Aim of the exercise
Only the lines from the start of the material through the line containing "Alfa Romeo Stelvio" are to be extracted, exactly as they appear.

Excerpted records
════════

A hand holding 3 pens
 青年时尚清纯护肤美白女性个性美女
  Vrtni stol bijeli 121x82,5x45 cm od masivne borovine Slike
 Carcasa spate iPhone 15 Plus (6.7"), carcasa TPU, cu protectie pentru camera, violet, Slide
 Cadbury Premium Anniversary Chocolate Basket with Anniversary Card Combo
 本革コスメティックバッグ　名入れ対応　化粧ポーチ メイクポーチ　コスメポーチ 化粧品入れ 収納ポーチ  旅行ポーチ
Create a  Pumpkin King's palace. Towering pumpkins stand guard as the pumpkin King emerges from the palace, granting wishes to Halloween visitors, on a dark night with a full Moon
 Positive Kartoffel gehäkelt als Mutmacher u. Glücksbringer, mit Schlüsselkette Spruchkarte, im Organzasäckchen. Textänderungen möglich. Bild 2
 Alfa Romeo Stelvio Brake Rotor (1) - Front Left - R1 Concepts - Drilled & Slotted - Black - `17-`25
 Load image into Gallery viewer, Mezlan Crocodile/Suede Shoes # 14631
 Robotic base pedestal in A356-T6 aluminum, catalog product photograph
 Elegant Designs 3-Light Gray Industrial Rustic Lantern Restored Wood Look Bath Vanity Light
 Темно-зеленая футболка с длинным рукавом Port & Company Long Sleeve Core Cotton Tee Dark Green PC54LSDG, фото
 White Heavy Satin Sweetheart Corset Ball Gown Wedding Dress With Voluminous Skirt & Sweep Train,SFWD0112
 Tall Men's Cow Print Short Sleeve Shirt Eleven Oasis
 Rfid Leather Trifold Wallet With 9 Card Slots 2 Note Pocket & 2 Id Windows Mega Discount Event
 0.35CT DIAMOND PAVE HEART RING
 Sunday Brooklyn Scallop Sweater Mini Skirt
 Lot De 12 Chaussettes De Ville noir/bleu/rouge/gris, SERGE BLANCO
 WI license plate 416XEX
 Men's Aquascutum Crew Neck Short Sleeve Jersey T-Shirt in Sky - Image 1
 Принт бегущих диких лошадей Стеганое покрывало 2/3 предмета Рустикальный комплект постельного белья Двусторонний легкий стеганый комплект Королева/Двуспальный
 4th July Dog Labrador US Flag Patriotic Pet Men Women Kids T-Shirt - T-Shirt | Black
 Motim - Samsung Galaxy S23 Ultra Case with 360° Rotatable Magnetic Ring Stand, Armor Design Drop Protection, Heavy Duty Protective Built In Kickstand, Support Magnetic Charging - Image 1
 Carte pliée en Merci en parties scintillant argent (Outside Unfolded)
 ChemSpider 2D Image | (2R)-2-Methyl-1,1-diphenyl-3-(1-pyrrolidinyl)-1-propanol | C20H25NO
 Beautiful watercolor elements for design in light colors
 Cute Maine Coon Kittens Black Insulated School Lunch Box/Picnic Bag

════════

Exercise answer
A hand holding 3 pens
 青年时尚清纯护肤美白女性个性美女
  Vrtni stol bijeli 121x82,5x45 cm od masivne borovine Slike
 Carcasa spate iPhone 15 Plus (6.7"), carcasa TPU, cu protectie pentru camera, violet, Slide
 Cadbury Premium Anniversary Chocolate Basket with Anniversary Card Combo
 本革コスメティックバッグ　名入れ対応　化粧ポーチ メイクポーチ　コスメポーチ 化粧品入れ 収納ポーチ  旅行ポーチ
Create a  Pumpkin King's palace. Towering pumpkins stand guard as the pumpkin King emerges from the palace, granting wishes to Halloween visitors, on a dark night with a full Moon
 Positive Kartoffel gehäkelt als Mutmacher u. Glücksbringer, mit Schlüsselkette Spruchkarte, im Organzasäckchen. Textänderungen möglich. Bild 2
 Alfa Romeo Stelvio Brake Rotor (1) - Front Left - R1 Concepts - Drilled & Slotted - Black - `17-`25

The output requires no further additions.